== Segment start ==

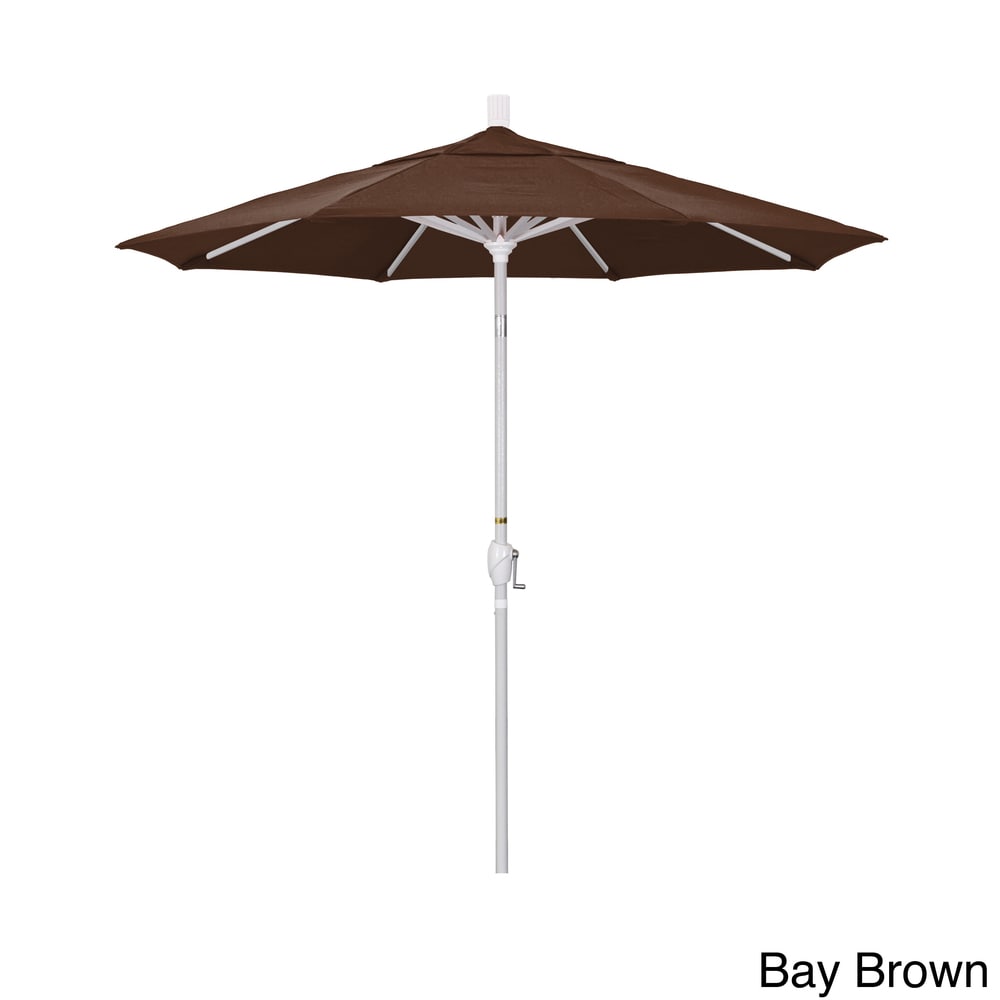California Umbrella 7.5 Rd. Aluminum Market Umbrella Crank Lift With Push Button Tilt White Finish Sunbrella Fabric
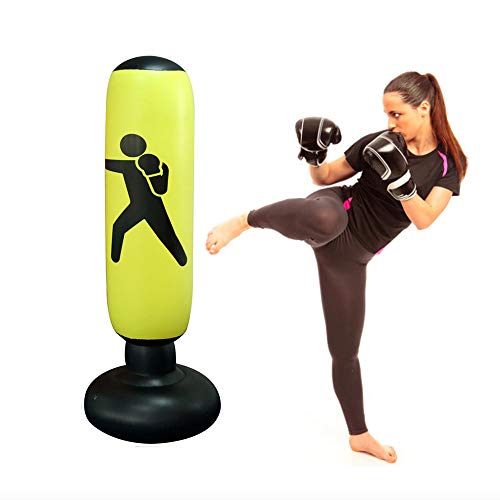 Gemgo Punch Bag 160cm, Inflatable Free-Standing Fitness Target Stand Tower Bag, MMA Boxing Punching Kick Training Tumbler Bop Bag for Relieving Pressure Body Building (Yellow-C) - Thumbnail 4
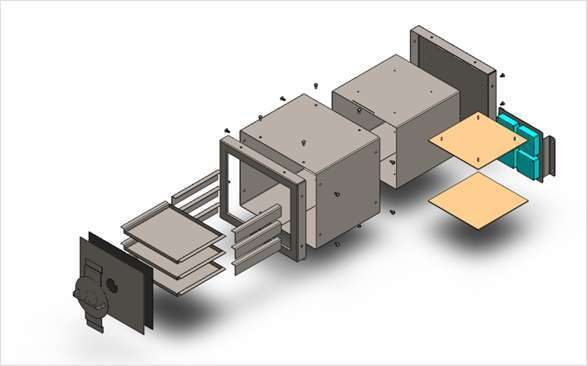 Exploded full-assembly CAD of the ECOFIL dehydrator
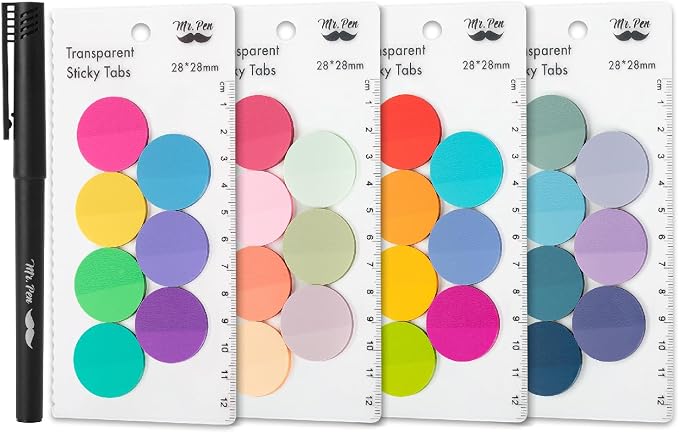 Mr. Pen- Round Transparent Sticky Notes, 1.1” Diameter, 28 Pads | 1120 Sheets, Colorful, Water-Resistant See-Through Sticky Notes Bulk & Fineliner, Smooth Writing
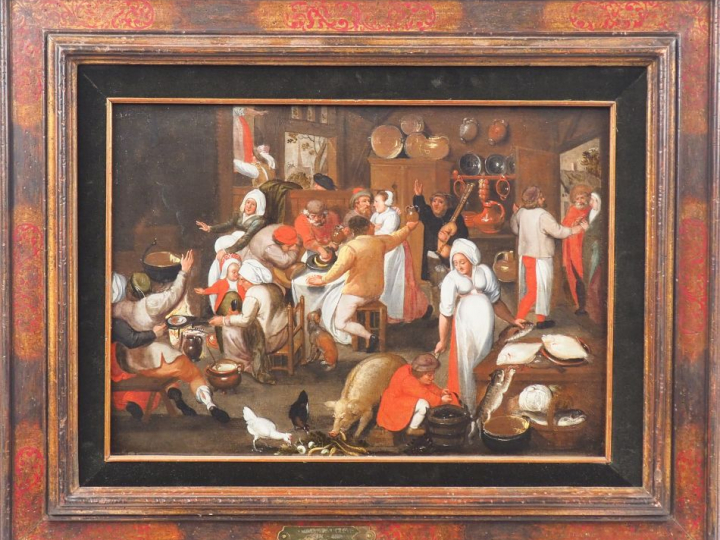 Ecole flamande début XVIIème. "Scène de taverne" Huile sur panneau. Di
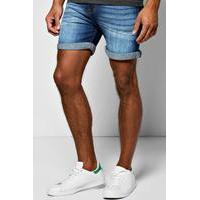 fit indigo wash denim shorts in short length indigo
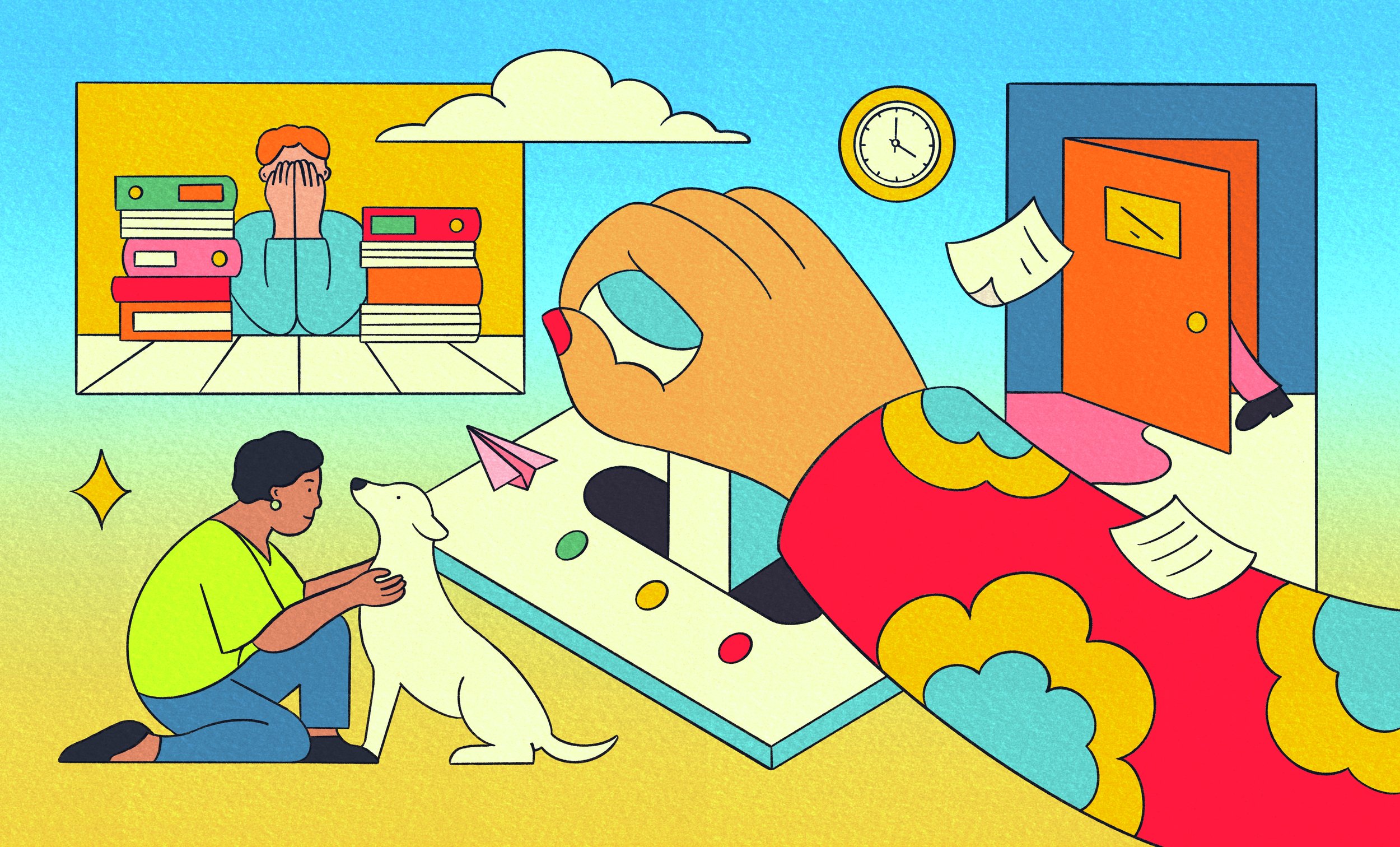 A colorful digital illustration depicting a person kneeling to pet a dog, and a large hand dropping papers into a box with a hatch behind it. In the background, there is a woman behind stacks of books, a clock on the wall, and a door slightly open. T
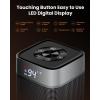 imageGaiatop Space Heaters for Indoor Use Portable Electric Heater with Thermostat 1500W PTC Ceramic Room Heater with Remote 5 Modes 60 Oscillating 12H Timer Fast Heating Bedroom Office Bathroom HomeSilver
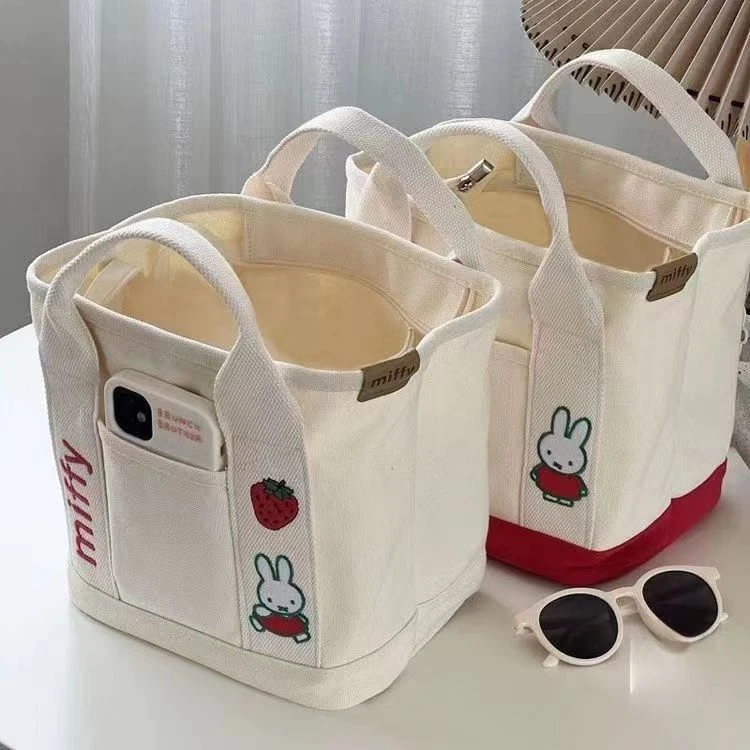 2025新兔子HR日系可爱帆布包宝妈外出手拎包便当包上班族手提包女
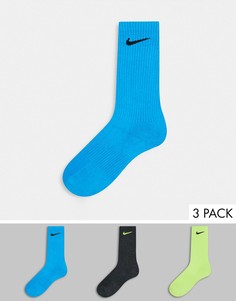 Набор из трех пар носков черного, желтого и голубого цветов Nike Training-Многоцветный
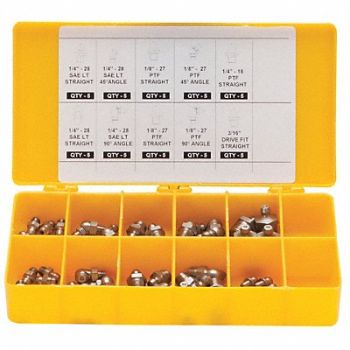 WESTWARD Grease Fitting Kit No Pieces 50 PK50, 52PA22
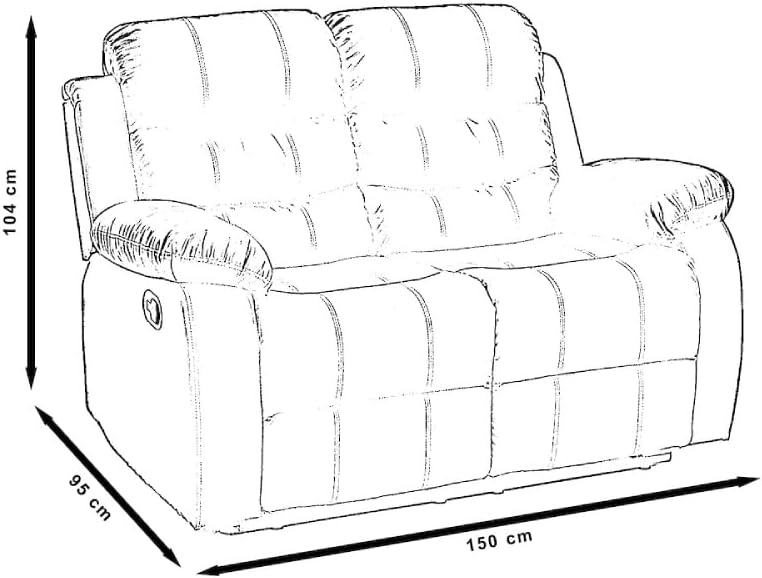 Sillón Midtown Concept Lounge Lounge de 2 secciones tapizado en piel sintética - Marrón - 95 CM X 104 CM X 150 CM
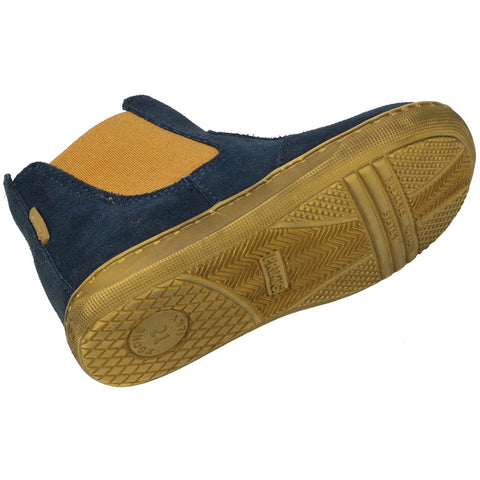  Close-up of PRIMIGI Knöchelschuh 24036 in navy and mustard color combination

== Segment end ==

**Work item:**
Pictures excluded, set down all the entries exactly.

**Reply to the task:**
California Umbrella 7.5 Rd. Aluminum Market Umbrella Crank Lift With Push Button Tilt White Finish Sunbrella Fabric
 Gemgo Punch Bag 160cm, Inflatable Free-Standing Fitness Target Stand Tower Bag, MMA Boxing Punching Kick Training Tumbler Bop Bag for Relieving Pressure Body Building (Yellow-C) - Thumbnail 4
 Exploded full-assembly CAD of the ECOFIL dehydrator
 Mr. Pen- Round Transparent Sticky Notes, 1.1” Diameter, 28 Pads | 1120 Sheets, Colorful, Water-Resistant See-Through Sticky Notes Bulk & Fineliner, Smooth Writing
 Ecole flamande début XVIIème. "Scène de taverne" Huile sur panneau. Di
 fit indigo wash denim shorts in short length indigo
 A colorful digital illustration depicting a person kneeling to pet a dog, and a large hand dropping papers into a box with a hatch behind it. In the background, there is a woman behind stacks of books, a clock on the wall, and a door slightly open. T
 imageGaiatop Space Heaters for Indoor Use Portable Electric Heater with Thermostat 1500W PTC Ceramic Room Heater with Remote 5 Modes 60 Oscillating 12H Timer Fast Heating Bedroom Office Bathroom HomeSilver
 2025新兔子HR日系可爱帆布包宝妈外出手拎包便当包上班族手提包女
 Набор из трех пар носков черного, желтого и голубого цветов Nike Training-Многоцветный
 WESTWARD Grease Fitting Kit No Pieces 50 PK50, 52PA22
 Sillón Midtown Concept Lounge Lounge de 2 secciones tapizado en piel sintética - Marrón - 95 CM X 104 CM X 150 CM
  Close-up of PRIMIGI Knöchelschuh 24036 in navy and mustard color combination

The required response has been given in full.